What kinds of painful or unpleasant experiences and sensations do you deliberately push yourself into, in order to hopefully transcend beyond? I believe the impulse to push and transcend through things like this is a deep thread in the mind, a causal phenomenon creating or orchestrating outcomes surreptitiously in order to grow these possibilities. Nietzsche called this deep impulse the will to power, among other things as he understood WTP. A primal force, something striving to ‘overcome’. What is overcome, pleasures or pains? Mostly the latter.
I notice that I often do things I later regret, but then still later after that I realize how I have gotten over it and risen above those regretful or embarrassed/worried feelings. Parts of my mind or emotions harden against it, I gain new degrees of freedom. Which usually means that I refine my actions in order to avoid doing exactly the same things, but instead continue those actions in more precisely vectored ways. This achieves a couple of things, 1) it narrows lines of attack or approach asymptotically closer to the relevant truths, making them more invulnerable, and 2) it avoids and also justifies those past feelings of guilt/shame/anxiety. That is when I realize how those feelings were a driving force of realization pushing me to the later refinements.
I suppose this is a bit analogous to weigh lifting. You force your muscles to bear the stress of heavy things that cause the muscle fibers to tear. Then later those same muscle fibers heal back up and become even more extensive and closely knit. Only you shouldn’t actually experience pain while working out, physically anyway. So is the analogous “mental or emotional working out” the same, is pain really a sign to stop doing it?
In all honesty I am not sure. I can see it from both sides. I think for some people and/or in some situations it would be correct to say that the pain of the mental or emotional experience is indeed a sign of “hey this is bad, don’t do that again” and simply indicates a need to avoid. However, I can also see how these pains are sitting atop something else, other layers of meaning and causality that are tectonically linked upward into physical behaviors and our awareness of consequences as well as proprioceptive self-awareness of our bodies and minds, the whole apparatus of what we call feelings from the more baseline physiological changes which in sum lead to the subjective experience of those feelings qua feeling, or qua emotionality (emotions per se are a bit trickier because more complex and layered into/through meaning as quasi-phenomenological entities, but I digress.

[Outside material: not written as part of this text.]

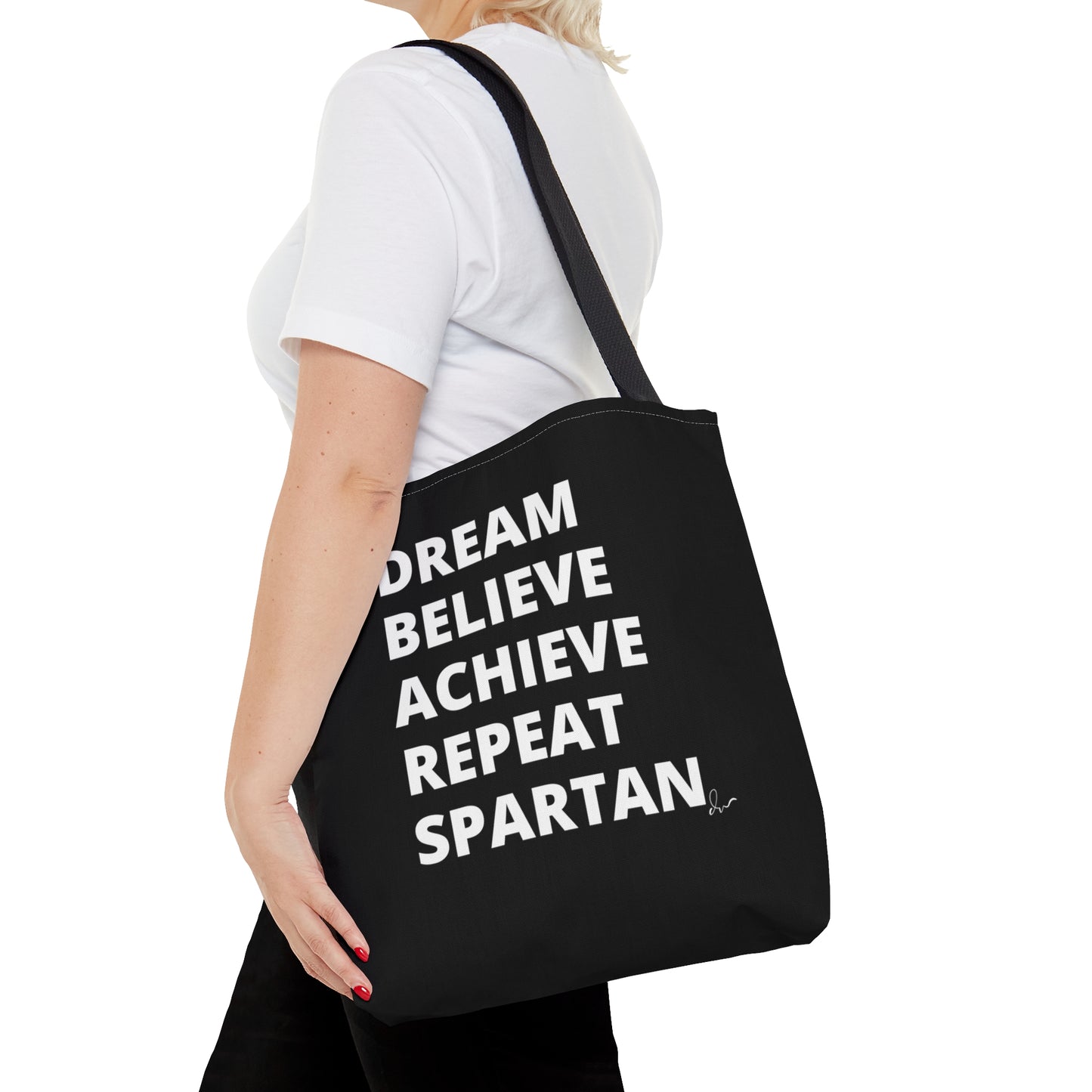 Dream Believe Achieve Repeat Spartan - Tote Bag (AOP)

The point still stands here regardless).
So which path or method do you prefer? Do you merely avoid experiences of psychological pain, what I might call the good and ethically healthy approach, or do you find yourself somehow drawn into doing things or being in situations that lead to these sort of painful experiences over and over and in such ways as YOU yourself are experienced as the cause of this, therefore the associated pain is self-located and generates certain kinds of feelings (guilt, shame, anger, anxiety, regret, loss, sadness, loneliness, etc. etc.)? What kinds of psychological pains do you most often experience and how do you tolerate them? This is a primarily philosophical question considering the nature of the self, subjectivity and phenomenological meaning embedded in, through and as the partial physiological templates and accumulated organic changes-responses that constitute that given part of the underlying framework of what we come to think of and experience as our ‘consciousness’ or sense of self/personal life and being/“I”. At least on the level of the sensate or even qualitative, qualia-based distillations of the various meanings which we experience in our more raw or immediate/unmediated moments of awareness. Sort of like the average-everydayness or normalcy-trending/normalcy-tracking concept that some philosophers like to use.